After assuring the UK members of the audience that BBC Worldwide doesn't use their licensing fees to put content on the web, London showed the audience trends for on-line UK-only viewership via iPlayer. Most interestingly, the number of online iPlayer viewers varied by show, with stalwart shows like EastEnders trending to fewer online viewers - perhaps given the fact that the show has been on for almost 30 years.
Newer shows, however, have a much higher total percentage of viewers, bringing viewership on those shows up close to the total number of viewers of shows that don't have as many online viewers.
When asked by an audience member, during the question and answer session, about the ability of ex-pats to watch content via iPlayer, London said he could not speak for the BBC on the topic, but suggested—given the fact that BBC Worldwide bids at market price against other content aggregators—that it might not be out of the question to drive non-UK iPlayer viewership via carefully selected advertisements.
London also noted that some viewers use the online version—including iTunes TV purchases—as a preview to watching content on their televisions.
"We're finding that those who watch the streams will often convert to buying content," said London, noting that this is especially true as TV series are put out on DVD, but is also true for ongoing series where a viewer wants to catch up on what they've missed - or to decide if they want to watch the series at all.
The second scheduled keynote, Volker Glaeser of Vodafone, cancelled.

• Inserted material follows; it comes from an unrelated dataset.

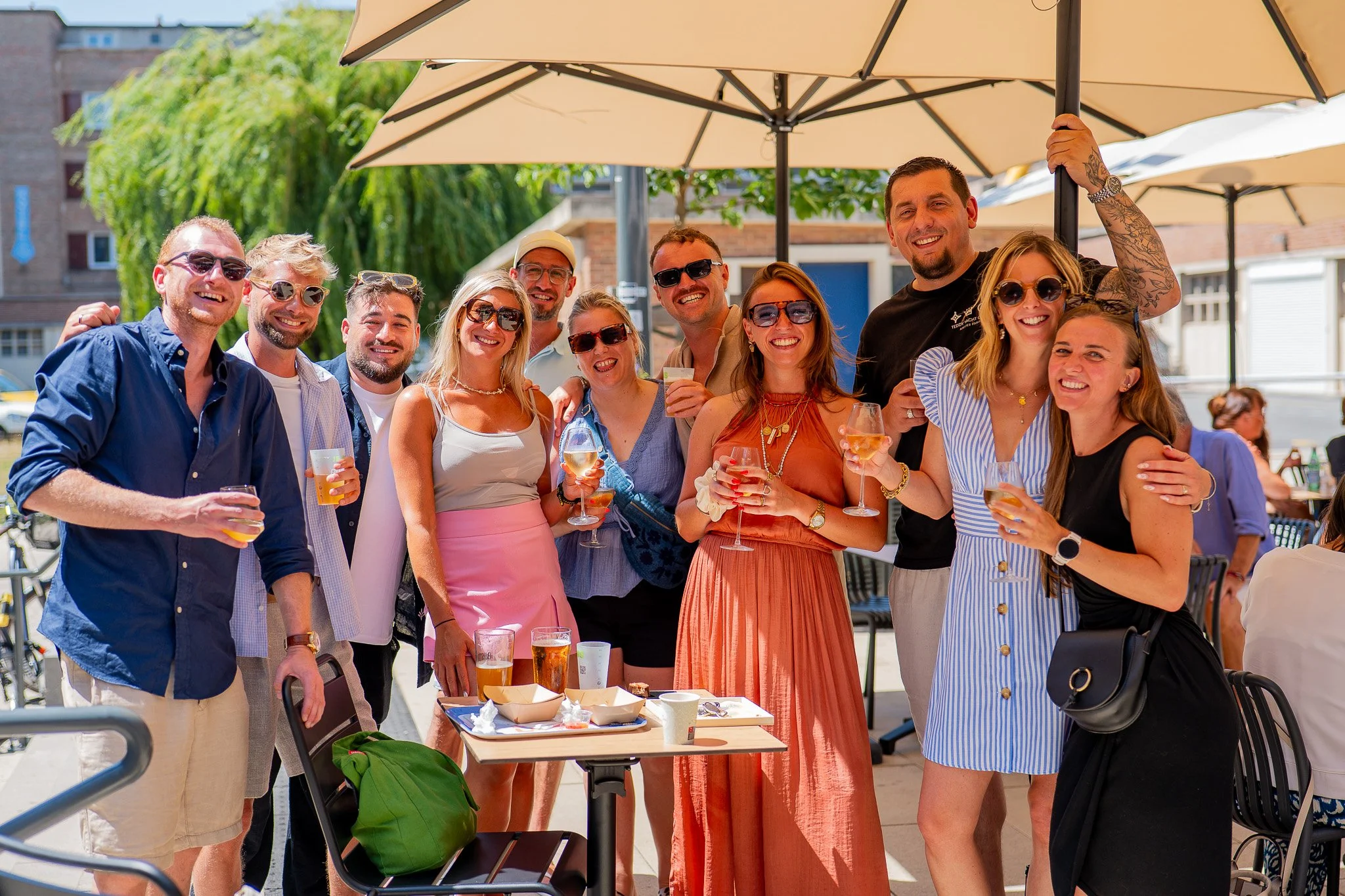Groupe de personnes profitant d'un rassemblement en plein air avec parasols, tenant des verres de boisson, souriant et posant pour la photo. Il y a une table avec des snacks et des boissons, ambiance ensoleillée.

After the keynote, several of the conference sessions caught attendee interest, including one led by Dom Robinson of Global-MIX,on evaluating and choosing a Content Delivery Network. Another widely attended session—the final one of the day—was Young People's Attitudes Towards Online Video, where younger panelists discussed their viewership habits.
"I don't watch the adverts," said Onur Durak, a digital media student at University of Hertfordshire, "unless it attracts my attention. I'll open another browser window and do something else while the adverts are playing. The only types that have attracted my attention are the overlay ads at the bottom of a YouTube window."
During the panel on New Horizons in Mobile Video, Jeremy Flynn of D2See noted that bill shock is a big issue with younger users, especially around data roaming and off-plan roaming, a sentiment echoed in the Young People's panel.
In the Comparing Internet TV Platforms panel, Raghav Gupta, VP of international partnerships for Brightcove, noted that the two limitations to using an internet TV platform are uncertainty as to how long an Internet TV provider will be around.
"Some of our customers signed up with other services," said Gupta, "that went out of business, and they're hesitant to commit to a service, so they've considered rolling their own home-grown service."
The other limitation is the length of time it takes for a content owner to make a decision to commit to long-term service commitments.
Streaming Media Europe continues through Friday at London's Hotel Novotel London West.